Ich sehe die Gore Shakedry nur im Wettkampf als sinnvoll an. Bei Radmarathons oder Ultratrails bei denen man zugunsten von Gewicht und Packmass auf Dauerhaltbarkeit verzichtet. Wann braucht man denn im normalen Leben schon eine komplett wasserdichte Jacke? Im Laufe der Jahre hat sich bei mir ein recht schmaler Einsatzbereich herauskristallisiert. 0-15 Grad Celsius, dazu starker Regen und/oder Wind. Solch ein Wetter überrascht mich entweder im Gebirge, bei der Fahrt in die Arbeit, oder weil ich mir einbilde bei Besch... Wetter ein Grundlagentraining auf dem Rennrad durchzuziehen. Für letzteres finde ich die Castelli Gabba Serie perfekt, zum Pendeln geht das auch und im Gebirge mag ich Ausrüstung auf die ich mich verlassen kann und maximalen Wetterschutz bietet...


----------



## ref20444 (30. August 2017)

HaegarHH schrieb:


> [...] schreib doch Gore Apparel an und frag nach, was sie meinen, [...]


Gesagt, getan: "[...] Einen Rucksack auf die ONE GORE-TEX® Active Run Jacke zu tragen empfehlen wir Ihnen nicht (dünn) [...]"
Ich hatte gefragt, ob es nur eine Empfehlung ist, oder ob die Garantie/ Gewährleistung erlischt. Darauf sind sie gar nicht eingegangen. Ansonsten kam nur das übliche (wenn auch promte) Marketinggeschwurbel - dafür sind die ja da.
Schade, wird wohl nix. Das ist eine "optimale Bedingungen"-Jacke, bei der sich Gore im Zweifel hinter der (unzureichend kommunizierten) Einsatzempfehlung versteckt.

Aber jetzt mal Butter bei die Fische: hat jemand diese Jacke im Einsatz und sie vielleicht schon abgenudelt?


----------



## ref20444 (25. August 2018)

Hallo noch mal,
aus dem Material sind ja nun schon einige Jackenmodelle auf dem Markt. Bei Wiggle gab es vor zwei Wochen die Gore R7 für 163 €. Für den Preis kann ich es mal auf einen Test ankommen lassen, dachte ich mir.

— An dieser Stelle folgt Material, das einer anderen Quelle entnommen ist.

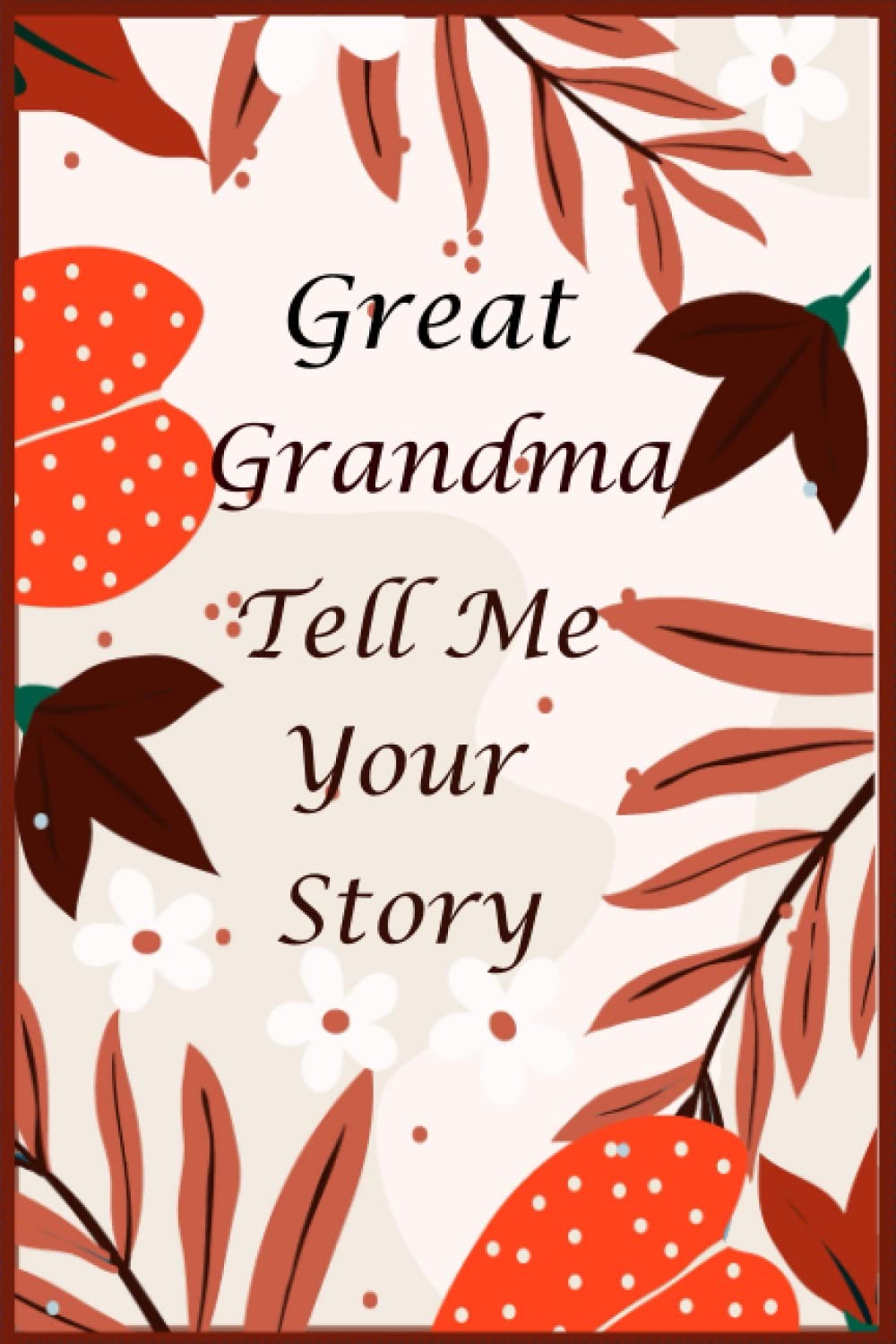 Great Grandma Tell Me Your Story: 130+ Questions For Your Great Grandma To Share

Richtig heißt sie "Gore Wear R7 GORE TEX SHAKEDRY", wird als Lauf-Jacke verkauft und hat angeblich einen Slim Fit-Schnitt. Mir passt trotzdem die Größe S am besten, ich bin zwar tatsächlich schlank, aber auch 1,73 m groß. Pulli drunter und gestreckte Fahrradhaltung sind trotzdem kein Problem für die Ärmel. Die Jacke wiegt 110 g.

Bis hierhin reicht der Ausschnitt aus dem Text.